## RECORDS PROVIDED
↓

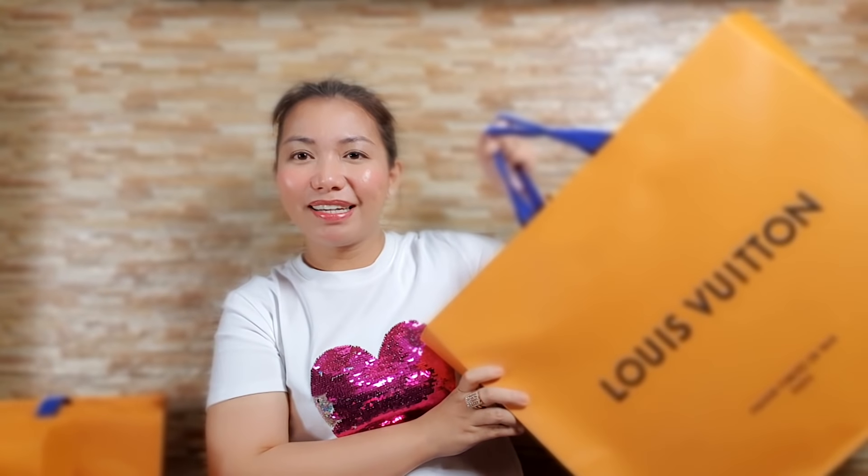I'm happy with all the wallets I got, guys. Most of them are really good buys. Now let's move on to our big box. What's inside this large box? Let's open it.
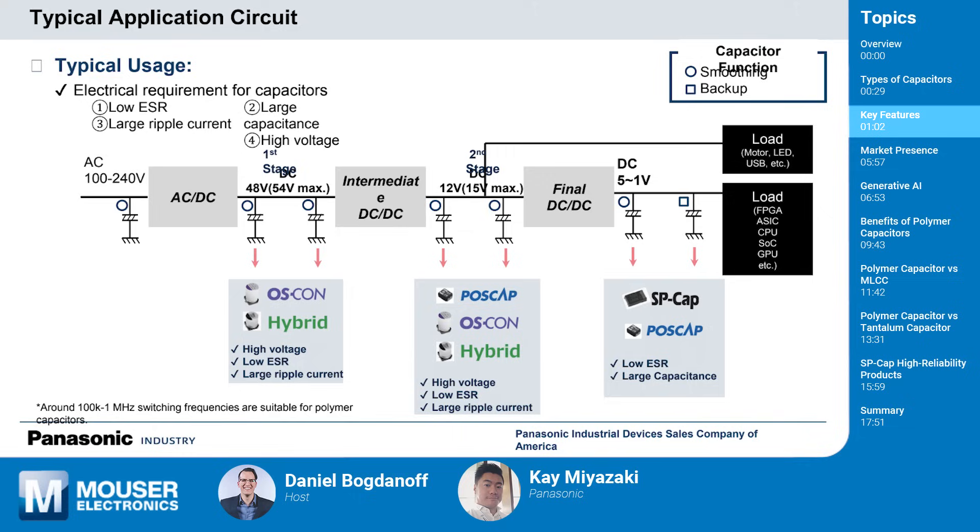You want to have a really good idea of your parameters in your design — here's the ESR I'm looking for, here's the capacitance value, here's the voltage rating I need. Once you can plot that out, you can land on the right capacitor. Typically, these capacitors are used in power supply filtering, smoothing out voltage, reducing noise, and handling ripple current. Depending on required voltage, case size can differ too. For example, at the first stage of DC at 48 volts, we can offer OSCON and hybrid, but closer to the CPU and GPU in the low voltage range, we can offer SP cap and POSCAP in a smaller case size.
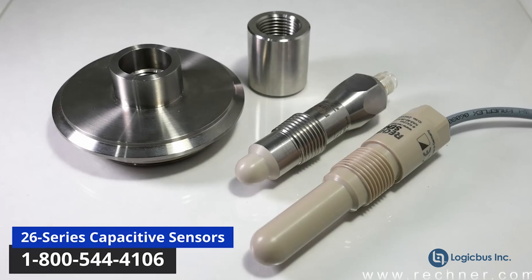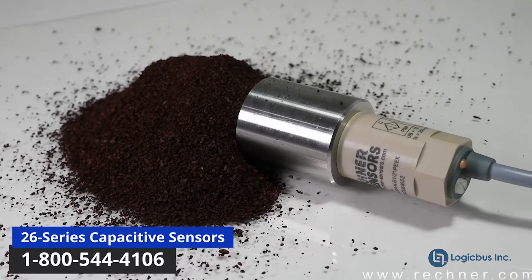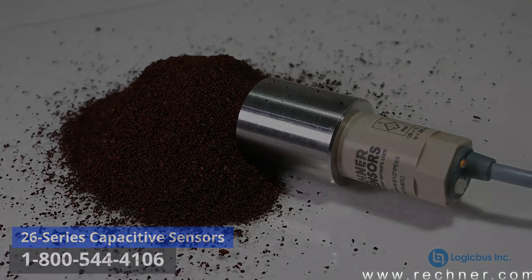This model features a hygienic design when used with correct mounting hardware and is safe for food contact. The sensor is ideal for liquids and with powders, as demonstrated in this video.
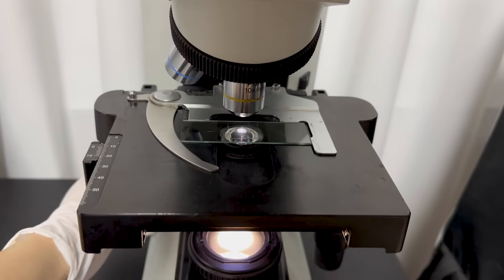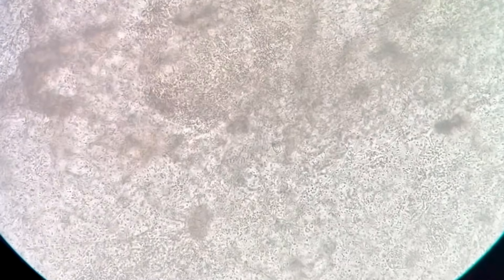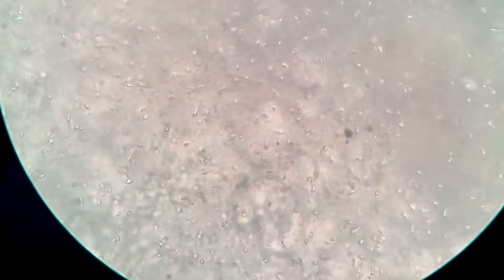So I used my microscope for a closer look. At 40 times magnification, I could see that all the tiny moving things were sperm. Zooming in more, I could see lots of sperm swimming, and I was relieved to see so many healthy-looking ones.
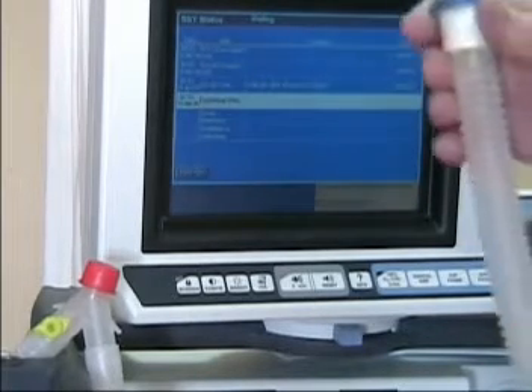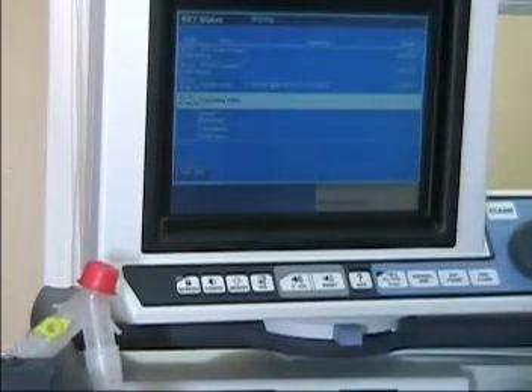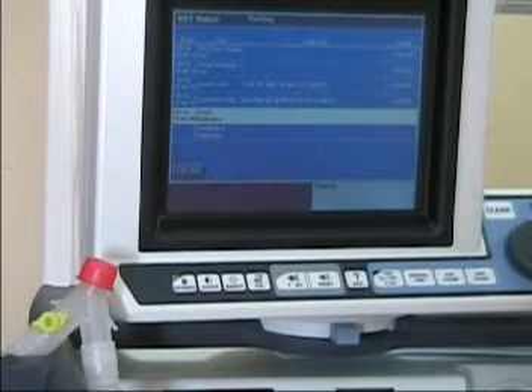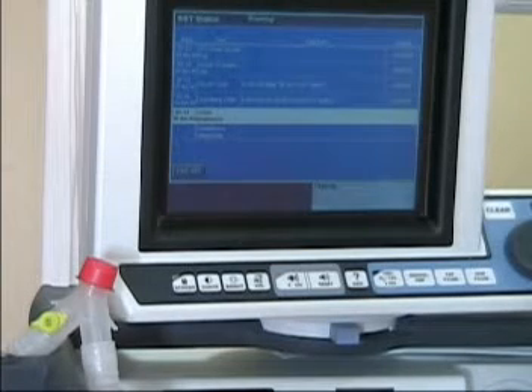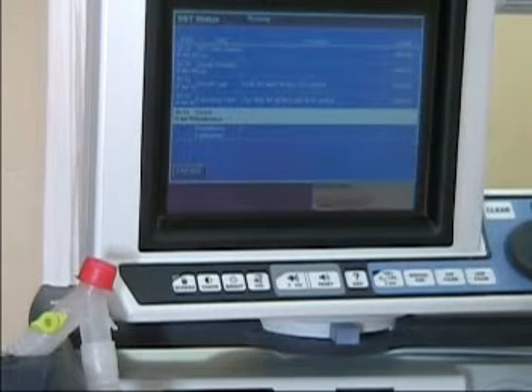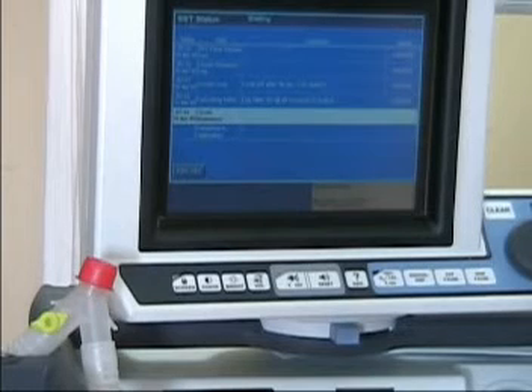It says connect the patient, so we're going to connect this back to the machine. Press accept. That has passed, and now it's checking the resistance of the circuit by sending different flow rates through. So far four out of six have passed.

↑
↓

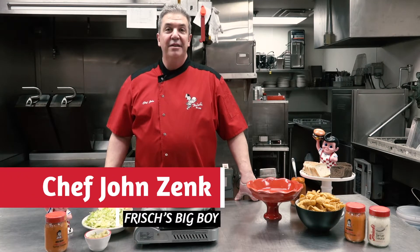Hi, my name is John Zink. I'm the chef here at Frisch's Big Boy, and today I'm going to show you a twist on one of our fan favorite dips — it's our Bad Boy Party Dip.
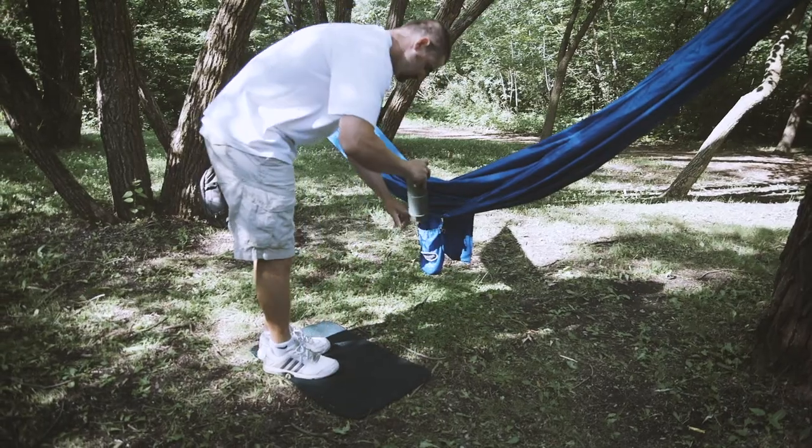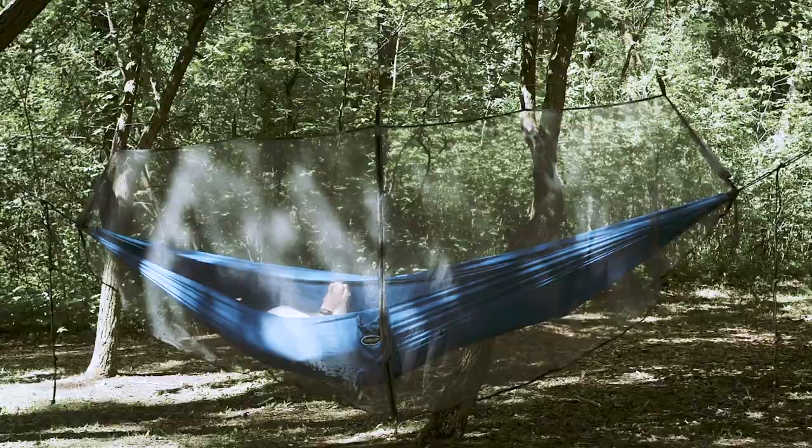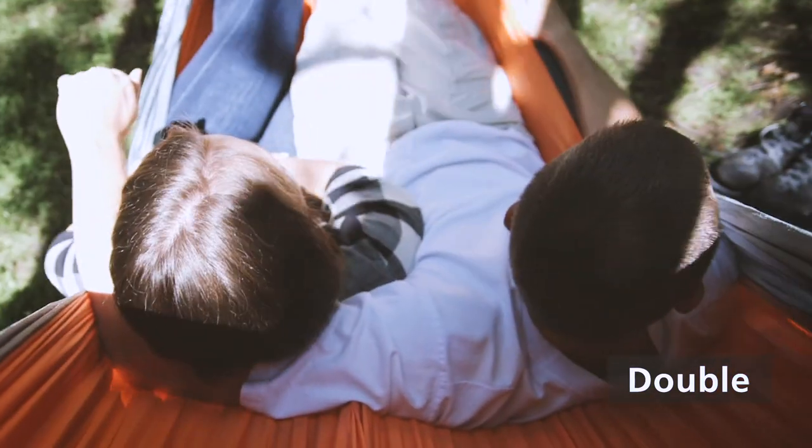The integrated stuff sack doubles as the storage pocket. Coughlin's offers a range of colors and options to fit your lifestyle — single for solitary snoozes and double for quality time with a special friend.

↑
↓

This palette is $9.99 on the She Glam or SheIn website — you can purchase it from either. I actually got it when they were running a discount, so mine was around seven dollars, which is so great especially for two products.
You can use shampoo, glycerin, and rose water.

↑

In the listing above, find the line with "Hi, my name" and the line with "The integrated stuff". Set down exactly those lines and everything between them, skipping pictures.

Hi, my name is John Zink. I'm the chef here at Frisch's Big Boy, and today I'm going to show you a twist on one of our fan favorite dips — it's our Bad Boy Party Dip.
The integrated stuff sack doubles as the storage pocket. Coughlin's offers a range of colors and options to fit your lifestyle — single for solitary snoozes and double for quality time with a special friend.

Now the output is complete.